I thought about the stories I loved. They made me laugh, cry, and feel like everything was going to be okay.

But, more importantly they almost imperceptibly changed the world around me. They changed me by changing how I see. They unlocked something in me I didn’t even know was locked allowing me to see wonder, magic, and beauty.

That’s what I’m trying to do. I’m not trying to tell stories that are good. No, I am trying to do so much more. That’s why I struggle so much and am stuck and am continually disappointed.

What I’m chasing is elusive. I’m trying to create the impossible.

I’m trying to make magic.

One of my other idols (other than Nolan) has a saying I love.

In the past, I was disappointed because I knew that what I was creating wasn’t magic. Or I created something that had a little bit of magic, but nobody recognized it. This is what made me miserable. I wanted an instant gratification button so everything I made would instantly be amazing.

But through The Prestige and through Kanye, I began to understand that’s not important. The fascinating part is turning something into magic.

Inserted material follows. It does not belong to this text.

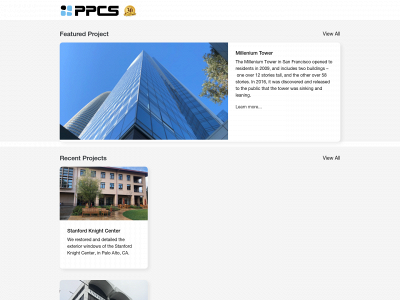 ppc-restore.com snapshot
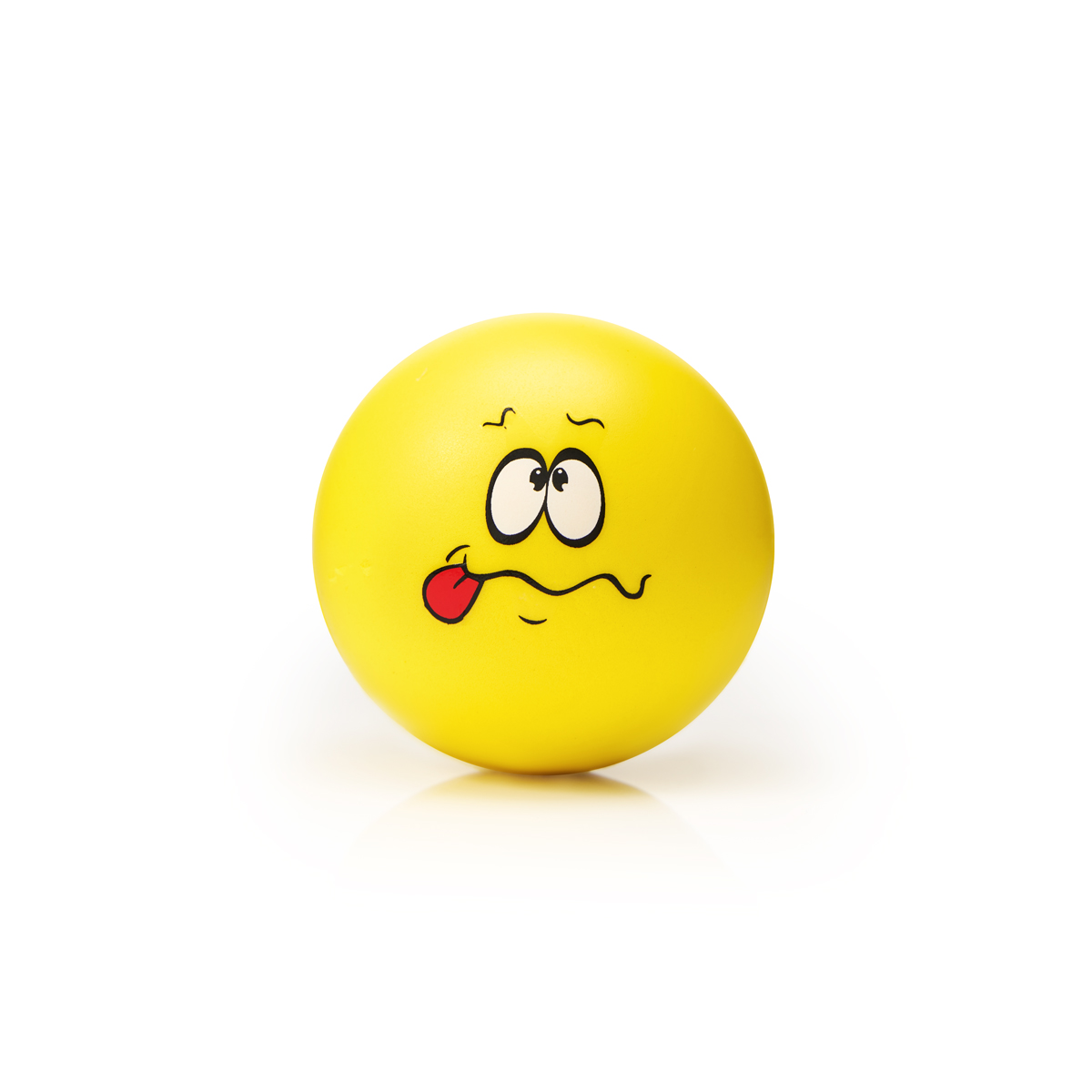 Эспандер кистевой TORRES антистресс, AL0026, 3 мяча диам. 6,5 см, полиуретан, крас, оран, желт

I realized why a magician never reveals his secret. It’s because the trick part of a magic trick is trite. After a magician reveals his secret, a person will say, “yeah okay of course that’s super easy” or “I suspected that anyway”. It’s impossible to feel magic when you already know the trick, right? Because magic is magic when nobody believes it is possible.

Real magicians realize the trick itself isn’t important, it’s the process of finding the trick that is important. It’s the process of going from something mundane and miserable, something of this world, to something different. To something that is magic, that makes people wonder, something life affirming.

That kind of alchemy is hard. But, it makes me understand what I’m trying to achieve. Each disappointment in my past is a necessary evil. They are all experiments. They teach me how to get better at alchemy, how to calibrate my mind to turn the ordinary into magic.

This inevitably means lots of time reflecting, being stuck, and being disappointed.

In our instant gratification world, this is something you have to teach yourself. Everything in life is so easy. We can find little bits of happiness easily by watching TV on Netflix, laughing at memes on Insta or getting notifications from Facebook. We are chasing happiness, but we should be chasing meaning.

We should be chasing disappointment.

I tried quitting creative stuff because I wanted to live a life without disappointment. Paradoxically, I found this made me less happy. Disappointment only comes from risking a part of your soul. That’s why we feel terrible when we fall short, but it’s also why we should keep doing it.

Always trust that you will find a way to get unstuck

All these thoughts led me to reexamine my feelings about that instant gratification button. Would I still press it if I had the chance?

I watched a TV show recently which was about this exact subject. It’s about a superhero who could destroy any bad guy with just one punch. He’s called One Punch Man.

It’s a great show, you should watch it

Unlike other superheroes there is no conflict for One Punch Man. He has unlimited power. He doesn’t have to try, even against the most powerful bad guys. He just defeats them with one punch.

You would think this kinda power would leave him happy and satisfied. But actually, he is bored and depressed. Everything in his life is easy. He doesn’t have to try. He craves a more challenging life with more meaning.

We gain happiness through transformation, disappointment, and struggle. If everything was super easy (if all our obstacles in life could be punched away instantly), life would not have any meaning.

Life is hard, miserable, and solid all the way through. That’s why it’s so much better to create magic, to make people wonder. Life’s difficulty is life’s greatest source of happiness.

If I dig deeper into all those people I envied for winning the career lottery, their lives never turn out how I would want mine to turn out. Many people who get a huge break without the necessary hard work quickly get trapped by depression, boredom, and addictions.

It makes me rethink that instant gratification button. Would I press it? I’m not so sure anymore.

What do you think?

Would you press it?

It’s a simple answer right?

Maybe not. Maybe, not. Maybe the answer isn’t so simple.